Back in the living room, I kicked off my shoes, the first marring of my sister’s space, and wondered briefly if she’d have done that. I had no earthly way of knowing.
Letting the vodka fill my mouth, holding it there to numb my tongue, gums, and soul, I stared at the package. From the corner of my eye I saw Luna slinking behind the couch, crouched low as if that somehow encouraged stealth. The ice in my glass rattled as I sat it on a glass-top table and reached for the gift.
Thin, expensive wrapping, a girly bow, a card nestled securely beneath. I didn’t rip it open as I normally might, but tugged at the ribbon until it loosened, then lifted the paper until it fell away. I put the card aside for later. Inside was a pristine white box. Why, I asked myself as I took another swig, was I suddenly noting the most mundane things? Luna sat directly across from me, gold eyes unblinking, apparently wondering the same thing. I lifted the lid and sorted through the tissue paper until I recovered the first item, and lifted it free.
The photo was recent, the last one taken of us together. The occasion was the opening of a new restaurant in Valhalla, and I remember being annoyed with my father for making us attend, and with Olivia for insisting we pose with a group of helmeted and horned Vikings. I’d felt silly already, dressed in expensive black silk. I didn’t want some model with a
long sword pressed up against me.
“Please, Jo,” she had begged, her pout in place, lashes fluttering. “You look so beautiful…for once.” She knew to soften any compliment for me with a mild insult, otherwise I might not believe the whole of it. No, not might not believe. Would not believe. I took another drink.

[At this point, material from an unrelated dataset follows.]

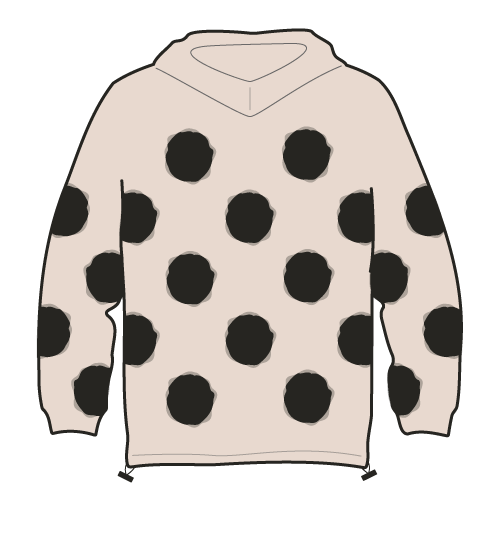 cream hoodie with big fuzzy dots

Funny thing, though, she was right. I did look pretty. Or perhaps I just missed my old face. My hair was a sleek and shining dark bob, tucked behind my ears, and a reluctant smile played at my lips, glossy and somehow knowing. That had me dropping the photo to my lap with a wry laugh.
I had known nothing.
The second gift was both smaller and larger than that final captured moment. A simple disk, something she’d probably spent hours fiddling with on her beloved computer, but not, I knew, something downloaded and burned and offered up for my listening pleasure. Olivia would never give me something that common. “How the hell am I supposed to watch this?” I murmured, closing my eyes.
But I did watch it. After retrieving the vodka bottle.

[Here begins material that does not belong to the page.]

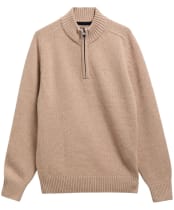 Men's Barbour Newtown Half Zip Knitted Jumper - Washed Stone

Luna had been sitting beside her. The television went from blank to bright, and she was suddenly there, absently stroking the cat, rubbing perfectly manicured fingers along its temples and ears and brow as she waited for the recorder to engage. Only belatedly did she realize it already had. I laughed aloud at her expression—surprise, pleasure, and chagrin all at once—but instead of rewinding and starting again, she simply shrugged it all away, as was her way.
“Hiya, sis! Now get that sour look off your face, this is a great idea, and just wait until you see how smoothly I’ve edited it. I’m an absolute star!” She giggled, sipped from a wide-bowled martini, a movement I echoed with my own drink. “So, I figure we can do this every year from now on, commemorate the year just past, and, you know, look forward to the next year and stuff. I’ve been doing it for myself for a few years now, kind of a video diary, and it’s a great way to keep track of where you are, and who you are, you know?”